## Task item
Write out exactly, and only, the lines below from the line with "El Miguelete o" through the line with "Building Photo - 18 Summerfield Cir"; pictures do not belong in the copy.

## Records for the task
──────────────────────────────

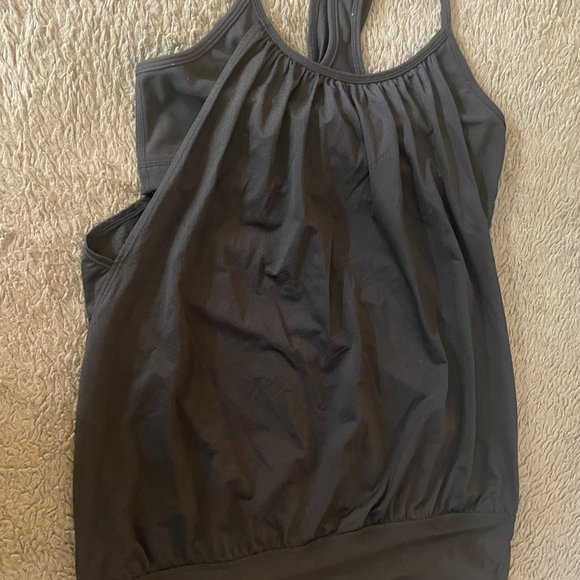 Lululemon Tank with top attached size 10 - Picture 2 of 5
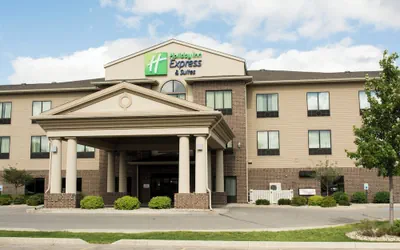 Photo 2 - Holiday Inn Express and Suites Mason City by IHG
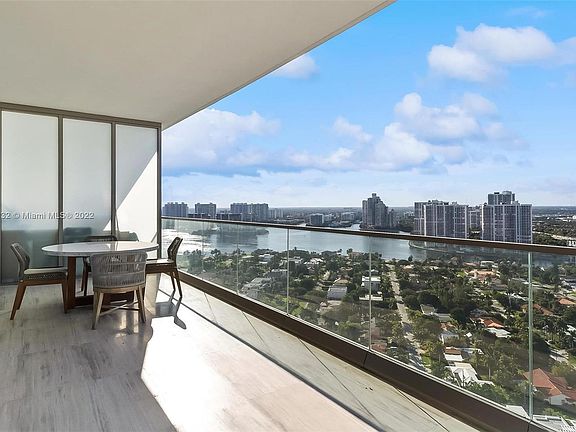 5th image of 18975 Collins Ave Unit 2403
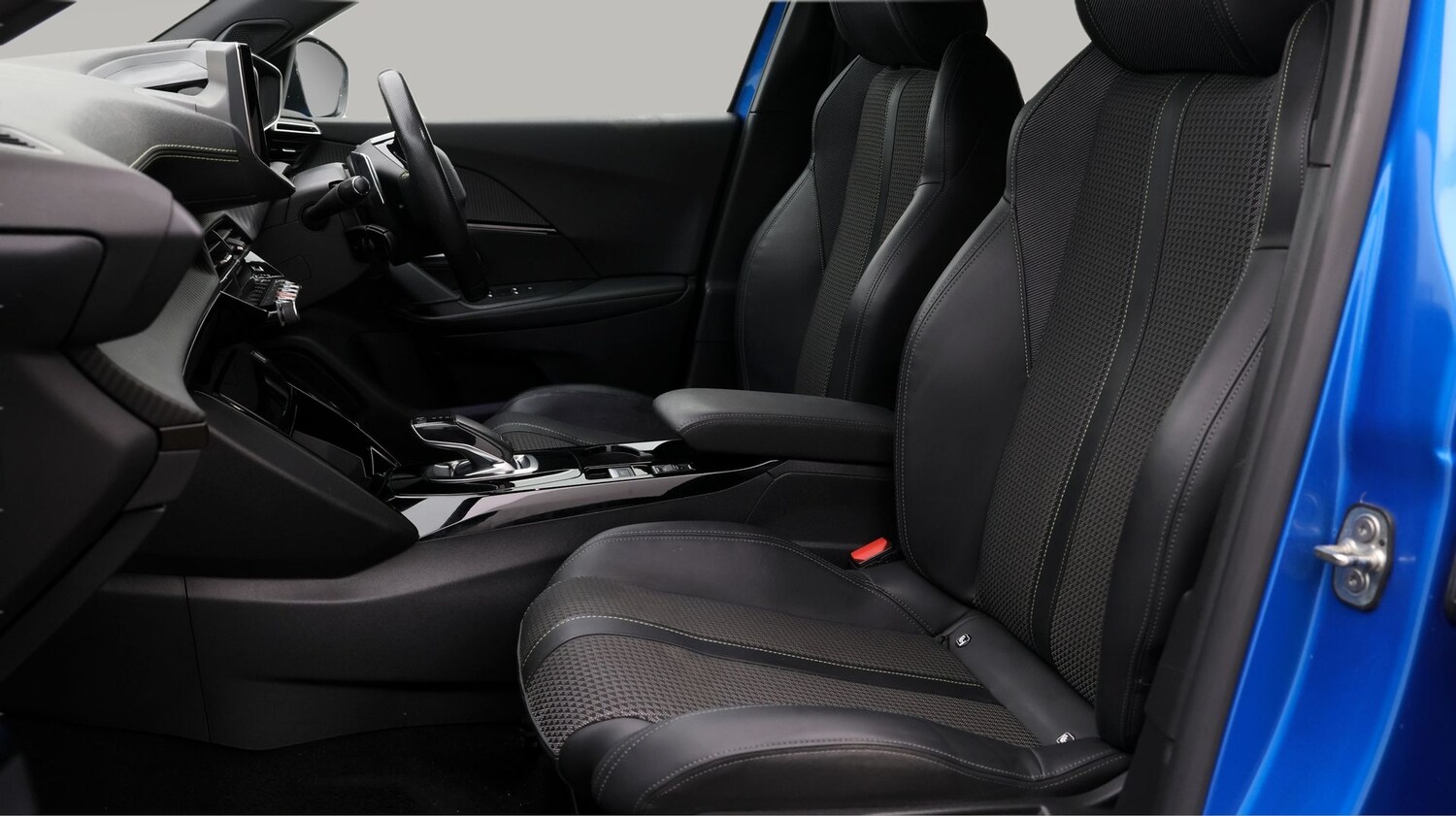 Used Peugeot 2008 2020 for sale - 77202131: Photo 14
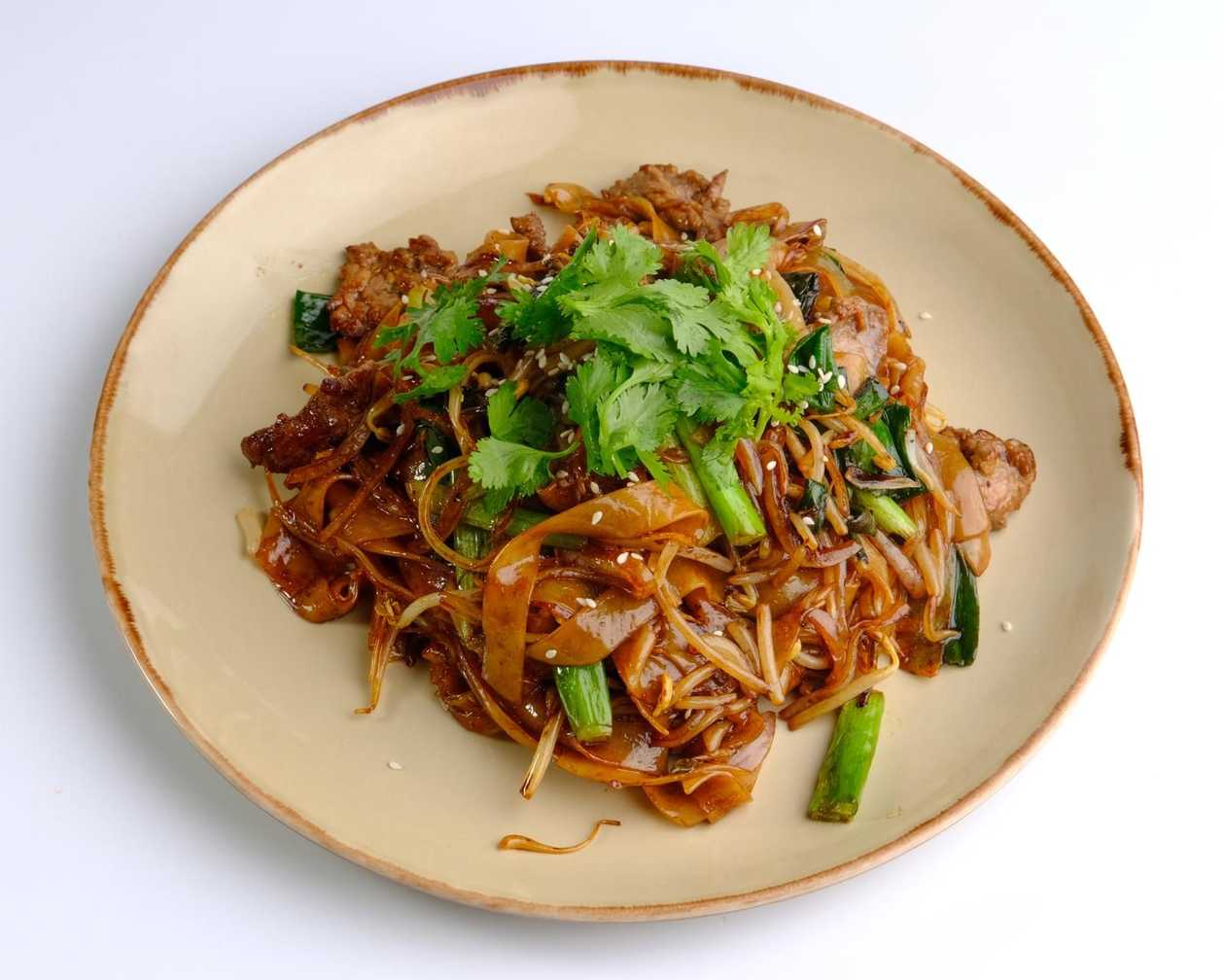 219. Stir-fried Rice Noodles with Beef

──────────────────────────────

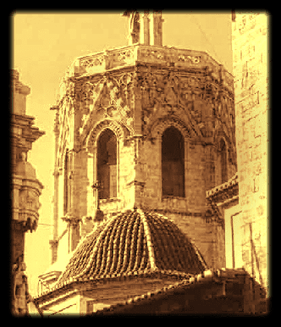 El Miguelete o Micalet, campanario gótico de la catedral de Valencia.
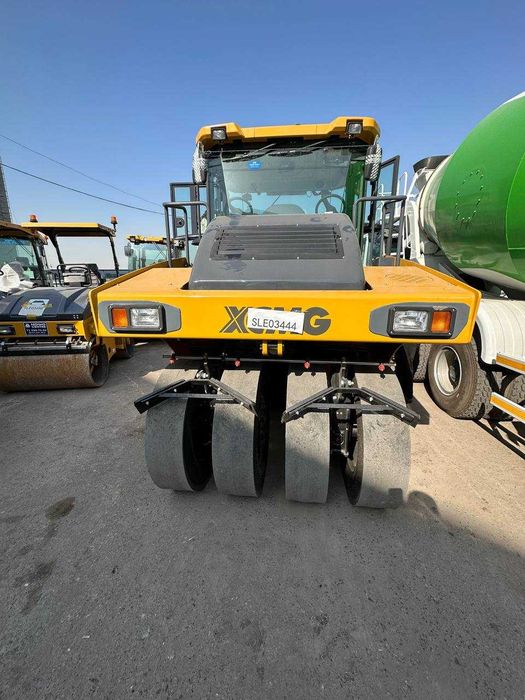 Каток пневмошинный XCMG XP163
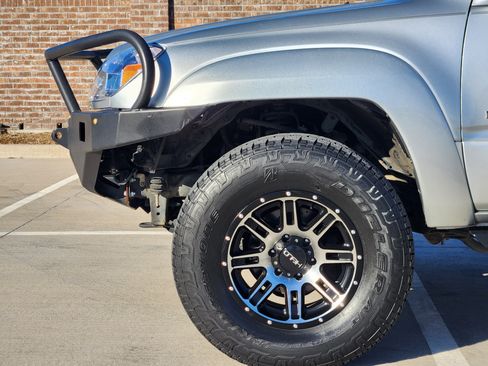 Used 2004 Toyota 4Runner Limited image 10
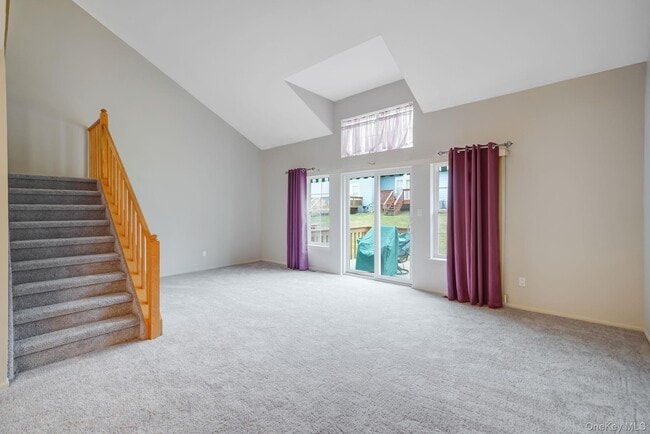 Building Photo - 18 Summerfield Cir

──────────────────────────────

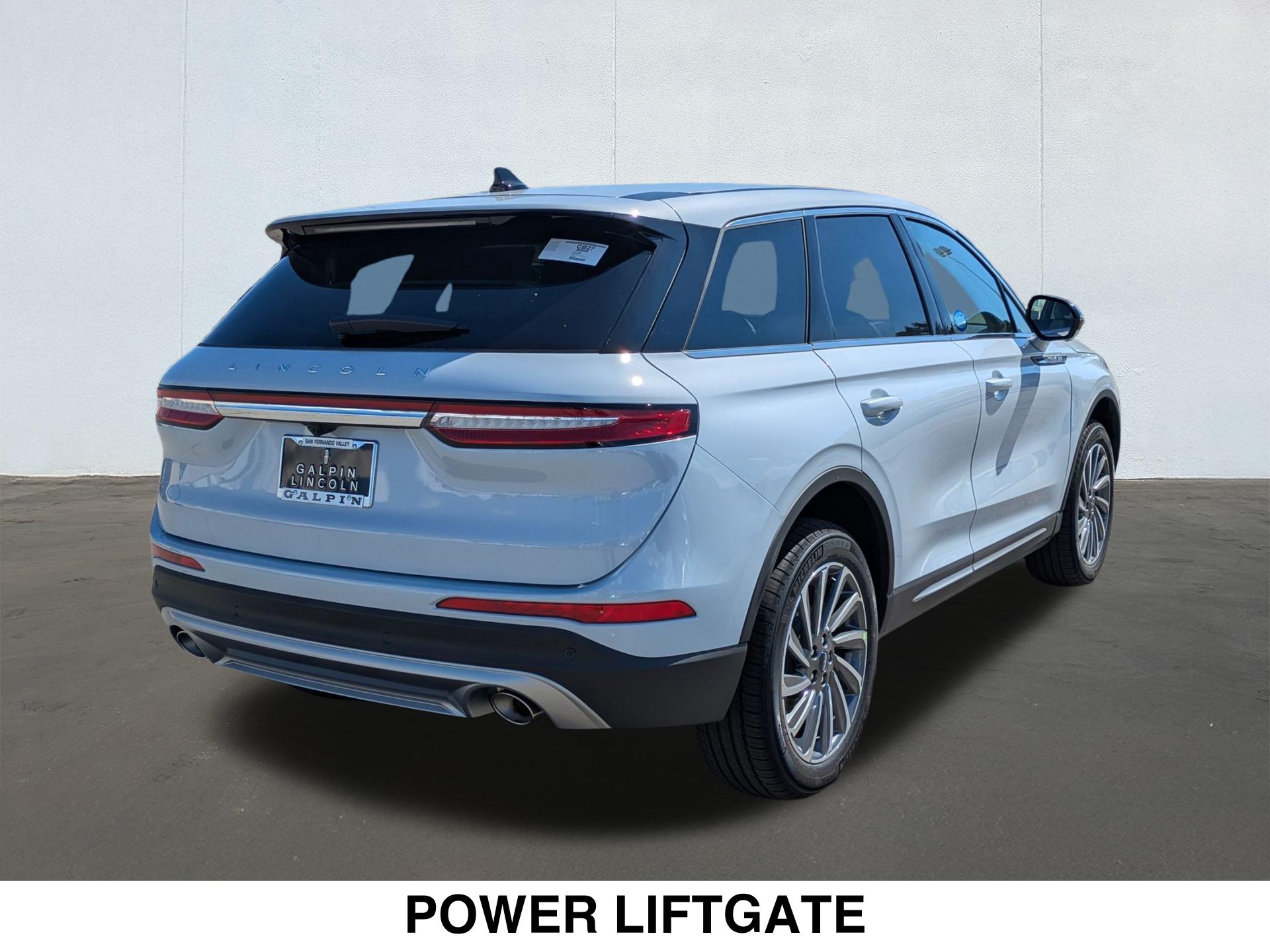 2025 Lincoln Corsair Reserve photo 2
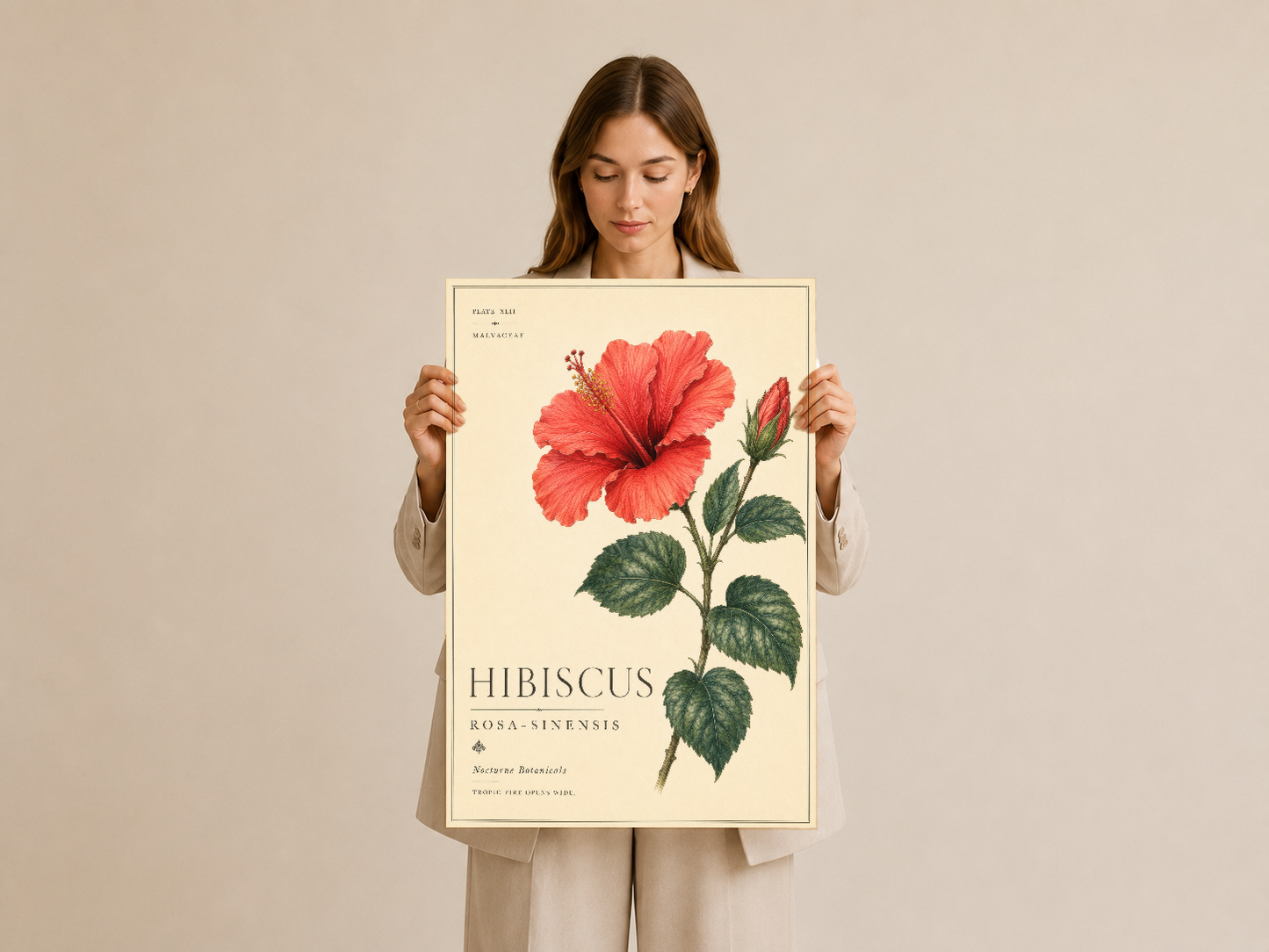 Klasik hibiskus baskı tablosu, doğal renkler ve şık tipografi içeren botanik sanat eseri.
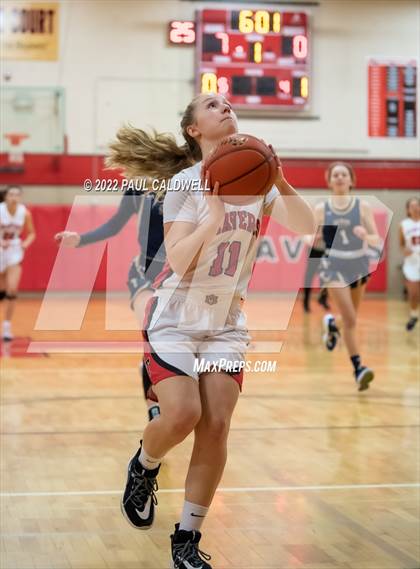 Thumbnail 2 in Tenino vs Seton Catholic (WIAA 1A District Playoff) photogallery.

──────────────────────────────

## Response below
 El Miguelete o Micalet, campanario gótico de la catedral de Valencia.
 Каток пневмошинный XCMG XP163
 Used 2004 Toyota 4Runner Limited image 10
 Building Photo - 18 Summerfield Cir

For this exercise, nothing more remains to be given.